If you have any interest whatsoever in American history, the Freedom Trail is a must. To quote from the website, The Freedom Trail is a 2.5 mile red-brick walking trail that leads you to 16 nationally significant historic sites, every one an authentic American treasure. The Trail takes in Boston Common, America’s oldest public park; the Old State House, which was the seat of British government before the American Revolution; and Paul Revere’s house, the oldest building still standing in Boston and from where he would have departed on his famous ride to Lexington to warn the “Sons of Liberty and specifically Samuel Adams and John Hancock that the British troops were on their way to arrest them.

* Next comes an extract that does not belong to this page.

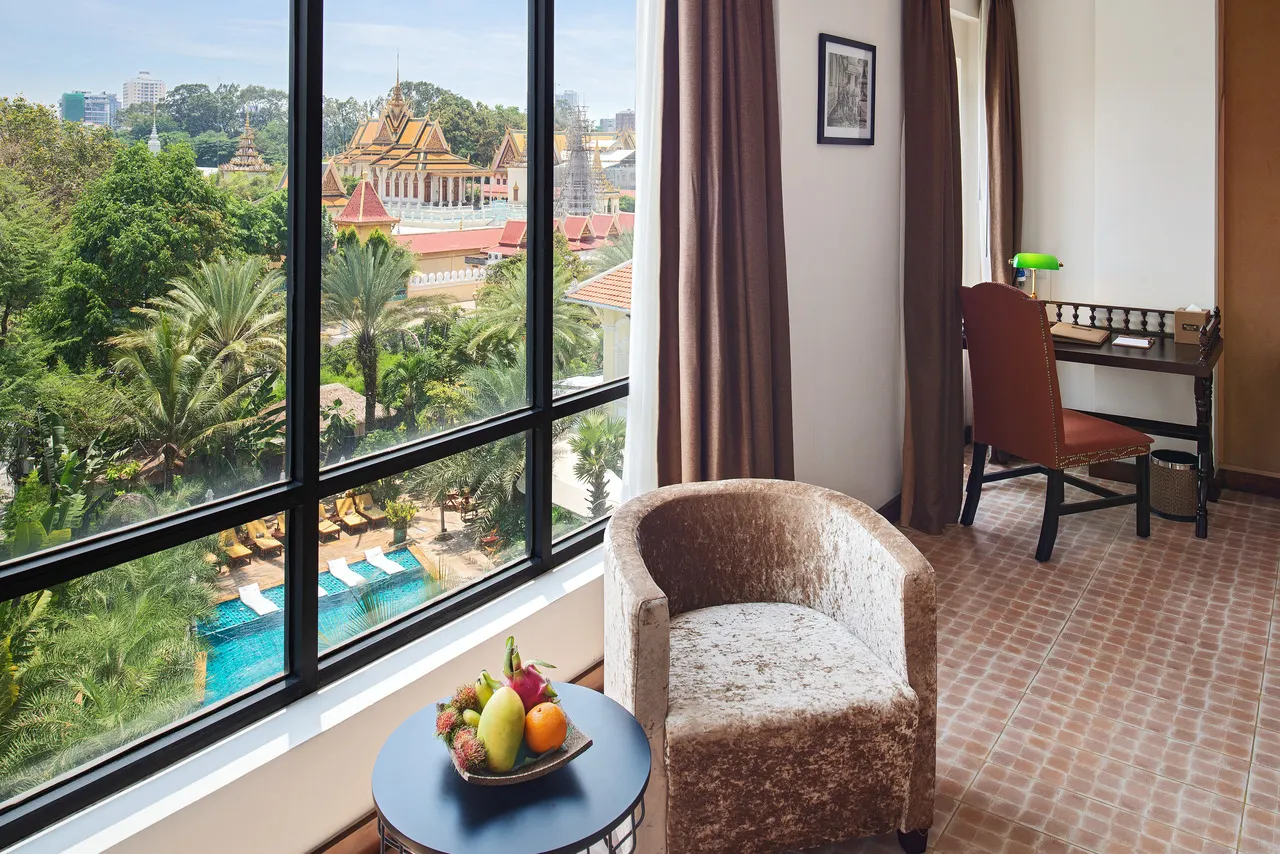 AndOlives-Cambodja-Phnom-Penh-PalaceGate-Room2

As a maps geek, I personally think the Mapparium would be an awesome thing to visit – it’s a three-story painted-glass globe from 1935, which also gives some idea of the historical changes since that time.

There’s also the John F. Kennedy Presidential Library and Museum, which is a pretty incredible place to visit even if you only have a passing interest in Kennedy. Located on a ten-acre park overlooking the sea, it “portrays the life, leadership, and legacy of President Kennedy, conveys his enthusiasm for politics and public service, and illustrates the nature of the office of the President.” Well worth a visit.

There are some other fantastic museums in Boston. The Institute of Contemporary Art, Museum of Fine Arts and excellent Museum of Science are all well worth a visit.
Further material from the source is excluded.